▸ Your assignment: All lines from the opening of the data to the line containing "A blue-and-white bowl" must be returned unchanged, and only those lines.

Data records
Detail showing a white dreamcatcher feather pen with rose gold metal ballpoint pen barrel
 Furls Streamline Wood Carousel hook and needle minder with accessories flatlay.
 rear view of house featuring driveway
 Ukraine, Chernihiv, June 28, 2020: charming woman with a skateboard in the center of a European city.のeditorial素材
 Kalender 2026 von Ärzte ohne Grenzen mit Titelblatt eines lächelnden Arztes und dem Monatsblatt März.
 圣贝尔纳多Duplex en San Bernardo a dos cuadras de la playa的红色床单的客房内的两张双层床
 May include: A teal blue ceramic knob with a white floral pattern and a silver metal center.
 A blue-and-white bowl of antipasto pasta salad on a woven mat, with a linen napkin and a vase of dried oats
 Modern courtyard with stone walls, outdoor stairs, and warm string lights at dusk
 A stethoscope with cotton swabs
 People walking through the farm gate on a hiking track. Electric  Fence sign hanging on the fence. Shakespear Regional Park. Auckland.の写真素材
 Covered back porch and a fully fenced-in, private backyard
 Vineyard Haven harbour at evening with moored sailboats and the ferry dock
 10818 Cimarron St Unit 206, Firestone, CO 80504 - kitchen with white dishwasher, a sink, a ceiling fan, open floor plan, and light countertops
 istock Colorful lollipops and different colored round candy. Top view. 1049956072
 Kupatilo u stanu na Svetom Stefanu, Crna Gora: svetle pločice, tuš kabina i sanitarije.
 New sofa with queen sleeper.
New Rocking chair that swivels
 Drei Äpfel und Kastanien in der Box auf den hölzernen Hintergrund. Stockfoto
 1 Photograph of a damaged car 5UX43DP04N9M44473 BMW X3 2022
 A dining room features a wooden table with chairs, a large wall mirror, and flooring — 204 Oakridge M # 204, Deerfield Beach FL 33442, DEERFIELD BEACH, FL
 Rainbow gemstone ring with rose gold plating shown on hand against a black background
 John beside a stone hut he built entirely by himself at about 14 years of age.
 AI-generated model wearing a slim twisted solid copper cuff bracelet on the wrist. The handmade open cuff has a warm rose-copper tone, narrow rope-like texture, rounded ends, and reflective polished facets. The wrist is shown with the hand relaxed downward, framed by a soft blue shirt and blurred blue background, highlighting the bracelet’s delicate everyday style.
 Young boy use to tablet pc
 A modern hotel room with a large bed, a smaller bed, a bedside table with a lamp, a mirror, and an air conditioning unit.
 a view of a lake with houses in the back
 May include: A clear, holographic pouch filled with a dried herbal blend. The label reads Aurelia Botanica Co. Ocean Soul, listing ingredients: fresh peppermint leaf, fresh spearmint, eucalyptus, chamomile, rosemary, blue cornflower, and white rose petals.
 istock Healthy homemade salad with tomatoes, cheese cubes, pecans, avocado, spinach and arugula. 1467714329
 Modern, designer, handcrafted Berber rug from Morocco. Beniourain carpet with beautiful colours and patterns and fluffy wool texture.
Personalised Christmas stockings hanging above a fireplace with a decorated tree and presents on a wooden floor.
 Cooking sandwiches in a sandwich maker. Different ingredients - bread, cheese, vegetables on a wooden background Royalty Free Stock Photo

▸ Expected output:
Detail showing a white dreamcatcher feather pen with rose gold metal ballpoint pen barrel
 Furls Streamline Wood Carousel hook and needle minder with accessories flatlay.
 rear view of house featuring driveway
 Ukraine, Chernihiv, June 28, 2020: charming woman with a skateboard in the center of a European city.のeditorial素材
 Kalender 2026 von Ärzte ohne Grenzen mit Titelblatt eines lächelnden Arztes und dem Monatsblatt März.
 圣贝尔纳多Duplex en San Bernardo a dos cuadras de la playa的红色床单的客房内的两张双层床
 May include: A teal blue ceramic knob with a white floral pattern and a silver metal center.
 A blue-and-white bowl of antipasto pasta salad on a woven mat, with a linen napkin and a vase of dried oats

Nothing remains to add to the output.